First published by Little White Lies
“She was scared, ok – she was scared of blast burn and radiation poisoning, and she was dying,” Hunter (J.L. Thomason) reassures Jonathan (Ross Britz) after the latter has just been bitten on the hand by a crazed woman who burst into their bunker. “She’s a refugee of this war, she’s not a movie zombie, ok?”
Post-apocalypic scenarios admit all kinds of genre materials, but Peter Engert’s stripped-down Remnants (aka Aftermath) takes pains to delineate as much what it is not as what it actually is. For although featuring relentless, largely mute assailants, it is, as Hunter suggests, not a zombie movie. Although its cast includes Edward Furlong, he has grown up not to be the post-nuclear saviour of humanity promised in Terminator 2: Judgment Day (1991), but rather a wife-beating redneck named Brad. And despite, like Southland Tales, opening with the nuking of Texan cities (expressly including Abilene) and even featuring the repeated line (heard on a shortwave radio), “This is the way the world ends”, Remnants will not pursue the postmodern political satire or LA neo-noir of Richard Kelly’s film, but will rather stay in the Texan hinterlands, and remain deadly serious to its bitter end. It even begins with an impressionistic sequence of grim images from its ending, before skipping back a month to just before the nuclear strikes, so that from the very outset we are denied any prospect of a happy outcome.

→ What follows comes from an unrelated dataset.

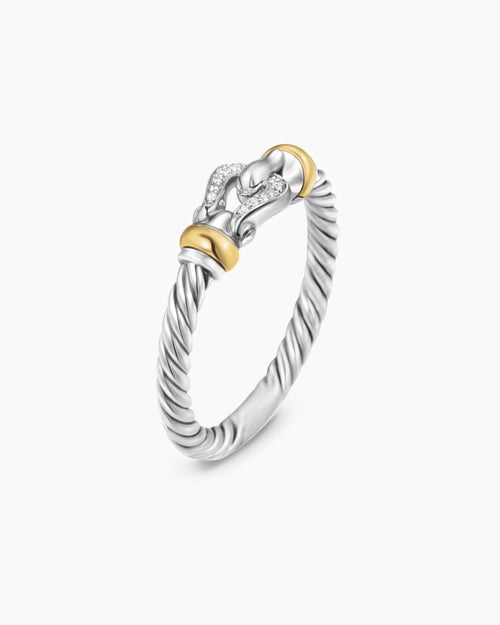 Womens Petite Buckle Ring in Sterling Silver with 18K Yellow Gold and Diamonds, 2mm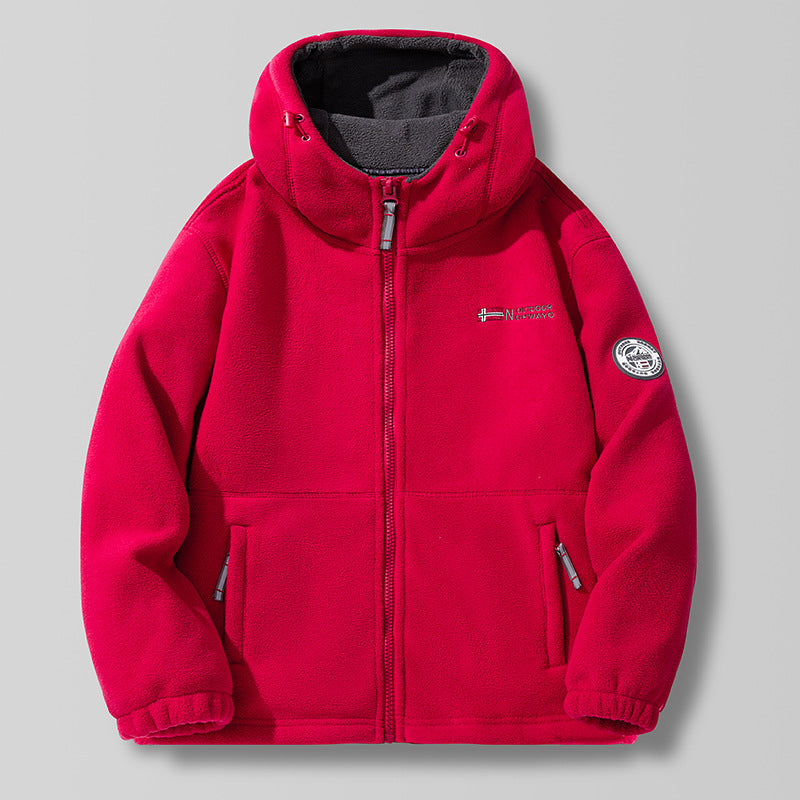 Unisex nan Kapuzen-Fleecejacke mit hochgeschlossenem Haubenkragen, durchgehendem Reißverschluss und seitlichen Einschubtaschen Drune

Backpacking through the countryside, medical student Hunter is listening to radio reports of rapidly escalating strife in the Middle East, when the bombs fall on the horizon, instantly blinding a young boy near Hunter with their flashing blast. With the boy Satchel (Kennon Kepper) and his elder sister Jennifer (Jessie Rusu) in tow, Hunter commandeers an abandoned jeep, hurriedly throws some looted provisions together, and searches desperately for shelter, picking up Elizabeth (Monica Keena) – and getting shot – on the way. Intertitles that ominously measure in hours the time from their first exposure make it clear that this is a race against irradiation – and by the time, later that evening, the four have secured themselves in a farmhouse cellar with Jonathan, his diabetic granduncle Wendell (Tody Bernard), as well as neighbour Brad and his heavily pregnant wife Angie (Christine Kelly), an off-the-scale Geiger reading taken inside their bunker reveals that they are already far too late, their fate sealed right in there with them.
Remnants allows certain predictable (which is to say realistic) scenes to play out within the cellar’s claustrophobic confines – the scramble to make radio contact with others and find out what the government (if there still is one) is doing, the infighting and power struggles, the efforts to keep would-be intruders out – but once Jonathan’s spiritual friend Rob (Andre Royo) has arrived with bleak news from outside, Peter Engert’s film comes into focus as less a story of survival than a bare-bones morality drama on the different ways in which the end might be faced.
For where some of these nine neo-troglodytes opt to keep themselves alive at any cost, others want to go down with a fight, others desire (or resign themselves) to take their own lives, and the rest accept the inevitable with humility and grace – but in one way or another, death is certainly coming, so that these characters define themselves by their commitment to different paths that are all ultimately equal in their futility. The bloody last stand constituting the film’s climax is as utterly pointless as it is heroic, and the triumphalism of the film’s final line (“We won!”) catches emptily in the throat of its speaker. Yet with nowhere left to go, and its few still surviving characters reduced to a zombie-like state of debility, this film about the end ends in a clearer version of its opening scene, with images of such austere beauty and sadness as to have the raw impact of an epiphany. Rarely has existential horror been so moving.